No sign of letup in China-US non­stop flights

China Daily (Canada) - - ACROSS AMERICAS - By HEZI JIANG in New York hez­i­jiang@chi­nadai­lyusa.com

The skies be­tween China and the United States are get­ting busier.

In 2015, 75 weekly non­stop flights were added be­tween the two coun­tries, a more than 30 per­cent in­crease from 2014, and more are com­ing next year.

Six of the eight air­lines that pro­vide direct US-China ser­vices opened new routes in 2015, adding to their fast-grow­ing sched­ules. Some even ex­panded ser­vice to China’s sec­ondtier cities.

Dur­ing the past peak sea­son, there were 320 weekly flights from China to the US, and vice versa, ac­cord­ing to num­bers pro­vided to China Daily by the air­lines.

The four largest Chi­nese air­lines — Air China, China East­ern, China Southern and Hainan Air­lines — ex­panded in the US mar­ket sig­nif­i­cantly in 2015.

Lead­ing the “Big Four” with 55 weekly flights from Beijing to seven US cities, Air China started the new Beijing to Newark route in Oc­to­ber and in­creased the fre­quen­cies of the Beijing-Los An­ge­les route to 21 flights a week.

Hainan Air­lines opened three new routes — Shang­hai to Bos­ton, Shang­hai to Seat­tle, and Beijing to San Jose — and be­came the first air­line to fly non­stop from China to the heart of Sil­i­con Val­ley in Cal­i­for­nia.

China Southern started a direct route in June be­tween San Francisco and its hub, Guangzhou, af­ter see­ing strong de­mand for such flights via Wuhan, a sec­ond-tier city, since that route started in De­cem­ber 2014.

China East­ern is the first air­line to serve Nan­jing, an­other sec­ondtier Chi­nese city, with a new route from Chengdu to Los An­ge­les via Nan­jing.

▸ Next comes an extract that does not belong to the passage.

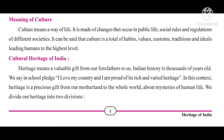Cultural Heritage of India: Heritage means a valuable gift from our forefathers to us. Indian history is thousands of years old. As we say in the school pledge, 'I love my country and I am proud of its rich and varied heritage.' Basically, heritage is divided into two parts: cultural heritage and natural heritage. In natural heritage, man has played no role — it is all nature-based. Cultural heritage is completely based on man-made things.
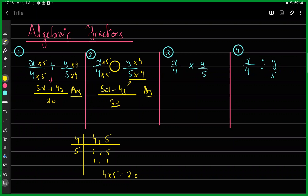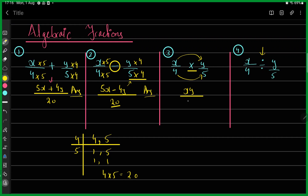For the third and fourth types — multiplication and division — things are different. When two fractions are connected by multiplication or division, you do not find the LCM. For multiplication, it's straightforward: multiply numerator by numerator and denominator by denominator. So x over 4 times y over 4 gives xy over 20.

Delta Air­lines, mov­ing be­yond its hubs in Seat­tle and Detroit, since July has op­er­ated daily flights from Los An­ge­les to Shang­hai, one of the most pop­u­lar routes. Amer­i­can Air­lines added the Dal­las-to-Beijing flights and be­gan to up­grade the planes fly­ing be­tween the two coun­tries to new 787s.

Thir­teen Amer­i­can air­ports cur­rently have non­stop flights to seven Chi­nese cities. San Francisco is con­nected to six cities in China, Los An­ge­les to five, New York to four, and the rest to one or more among Beijing, Hong Kong and Shang­hai.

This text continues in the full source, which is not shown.